— TASK PROMPT —
Pictures aside, copy exactly the lines running from the one with "Women's Colosseum Interchange" to the end of the records.

= = = = =

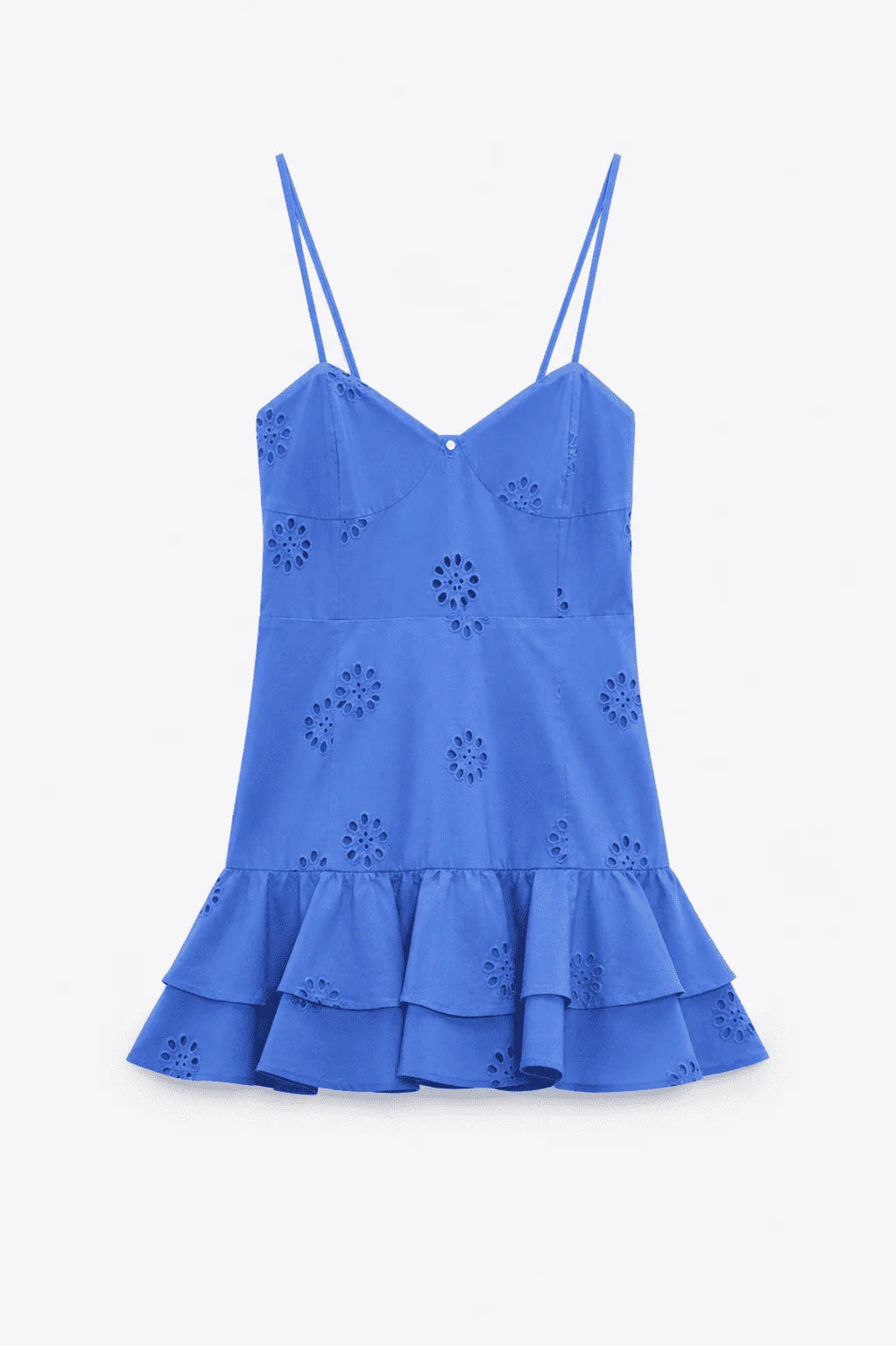 Women's Layered Embellished Hollow Bra Short Dress
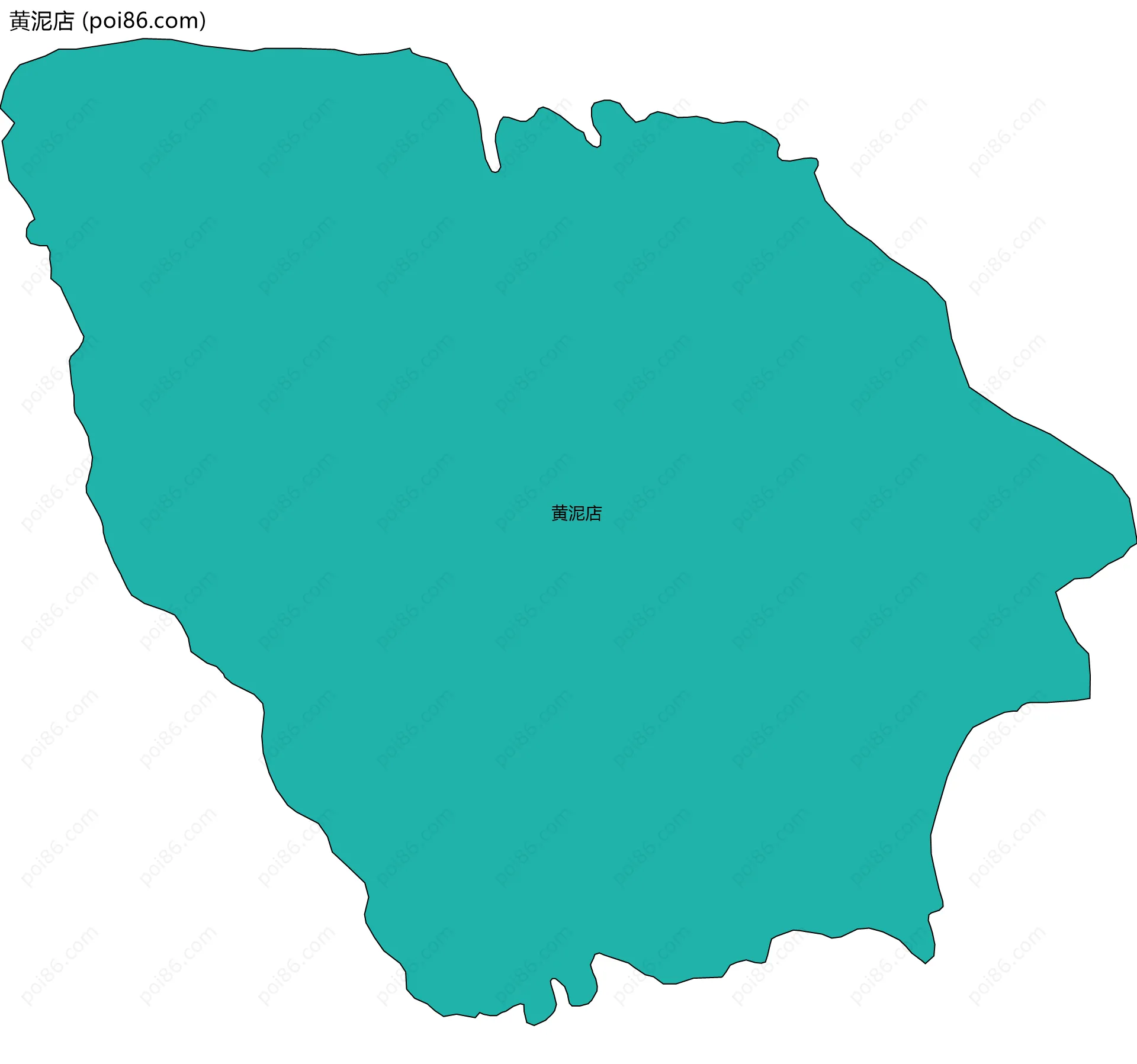 黄泥店边界地图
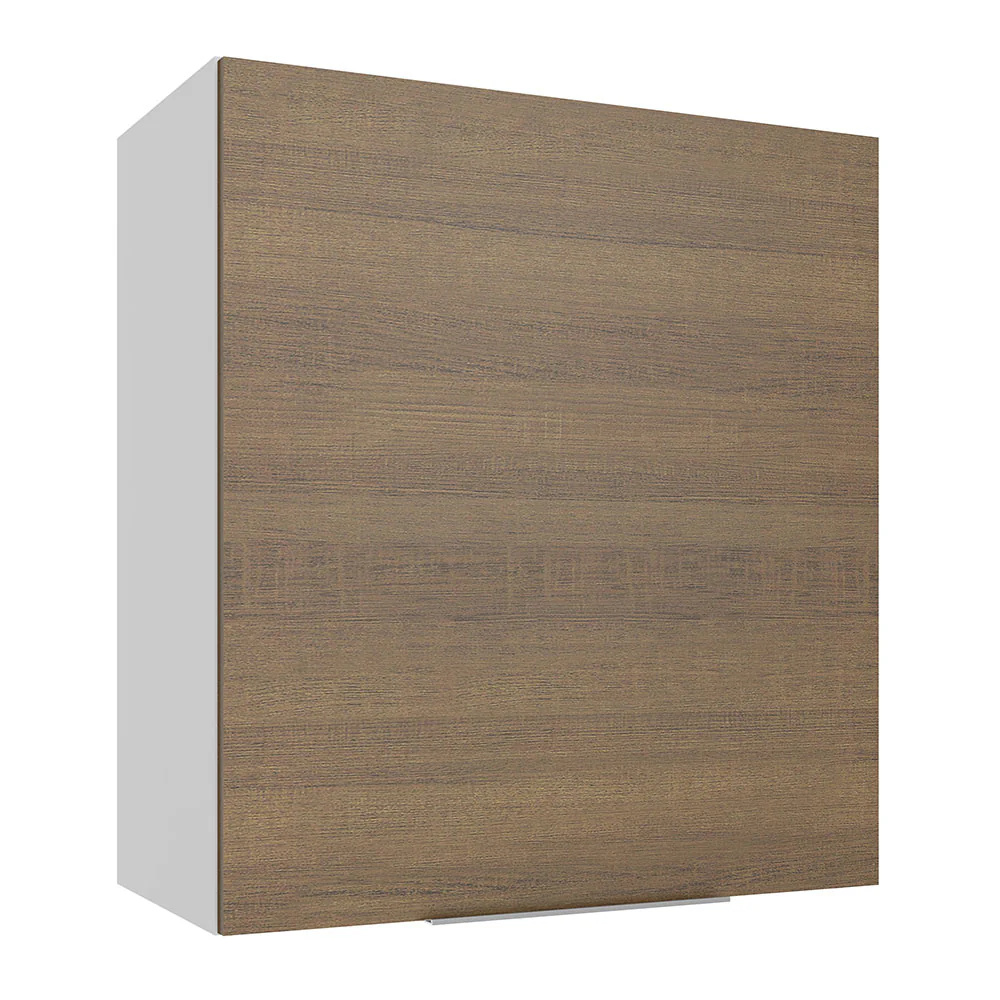 Armário Aéreo Madesa Stella 60 cm 1 Porta Branco/Rustic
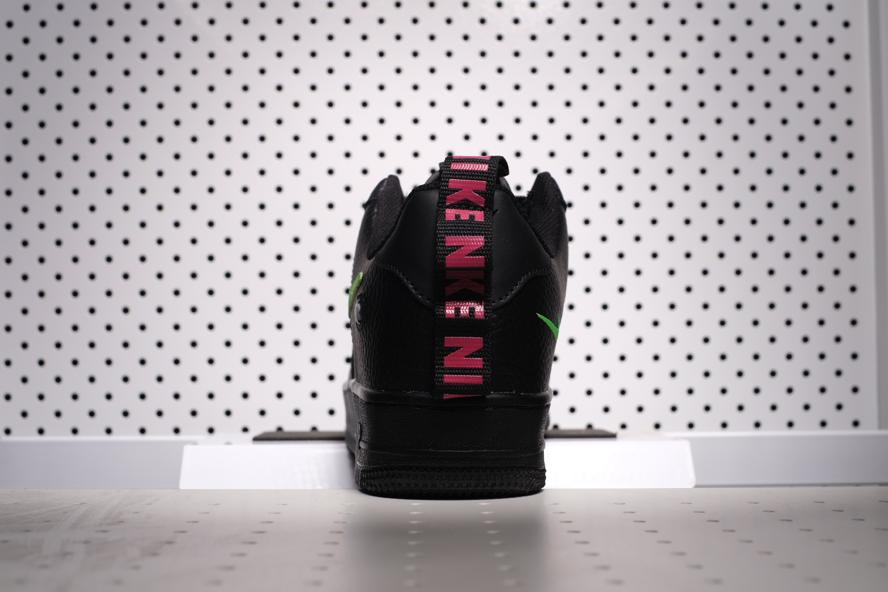 air force 1 low utility black hyper pink scream green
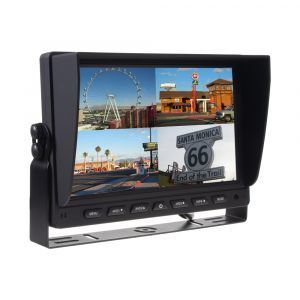 AHD monitor 9" - s kvádratorom a 4x 4PIN vstupmi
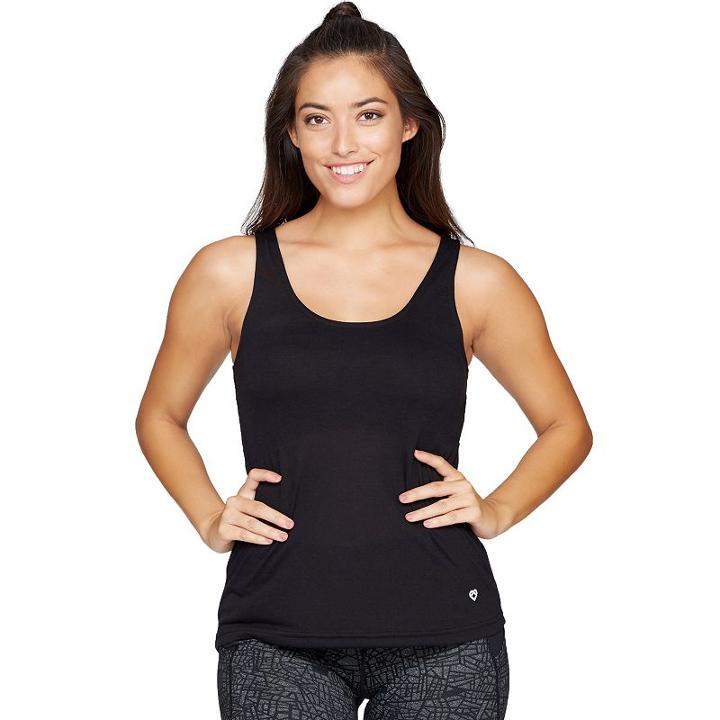 Women's Colosseum Interchange Tank, Size: Large, Black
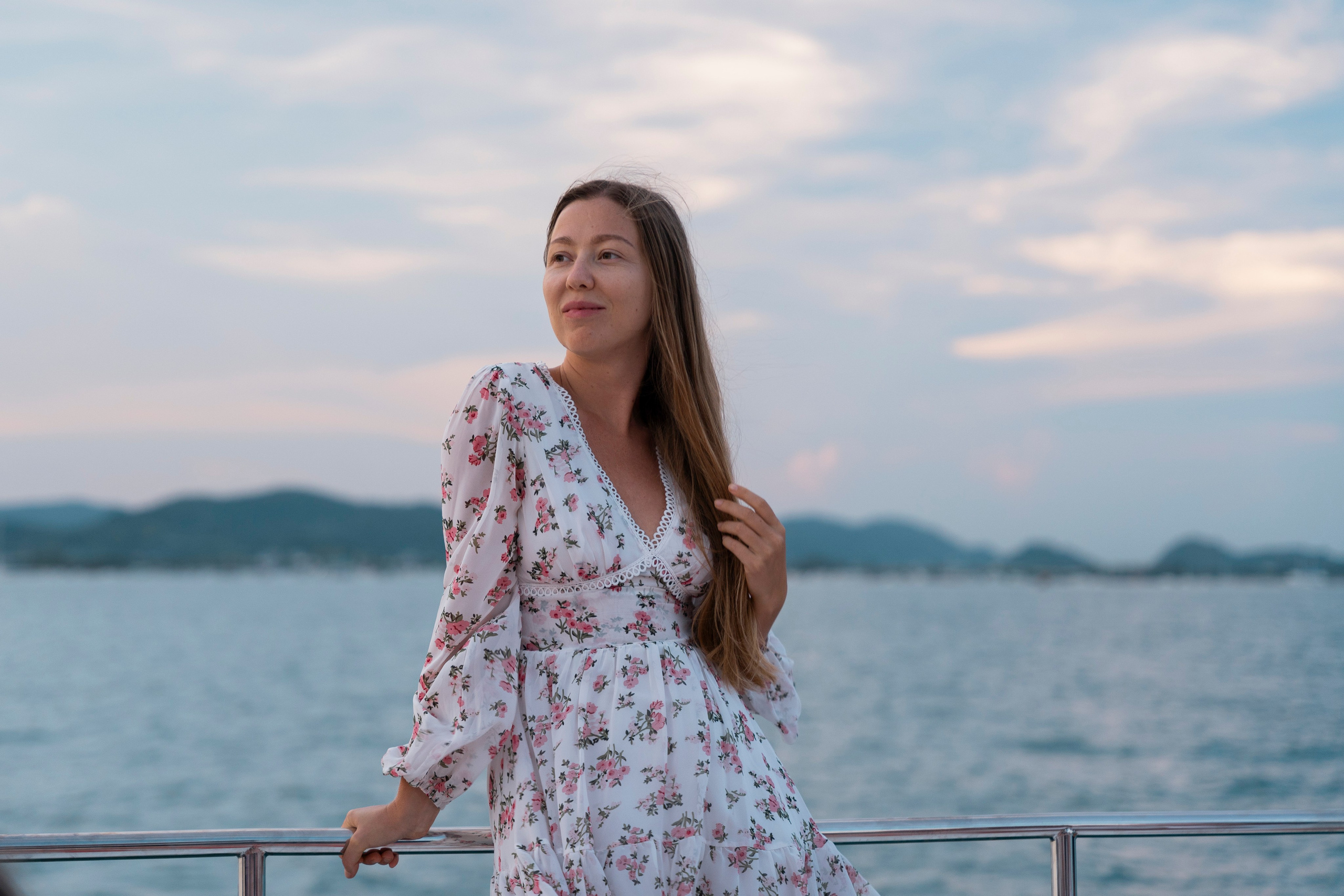 Съемка на яхте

= = = = =

— ANSWER FOR THIS EXERCISE —
 Women's Colosseum Interchange Tank, Size: Large, Black
 Съемка на яхте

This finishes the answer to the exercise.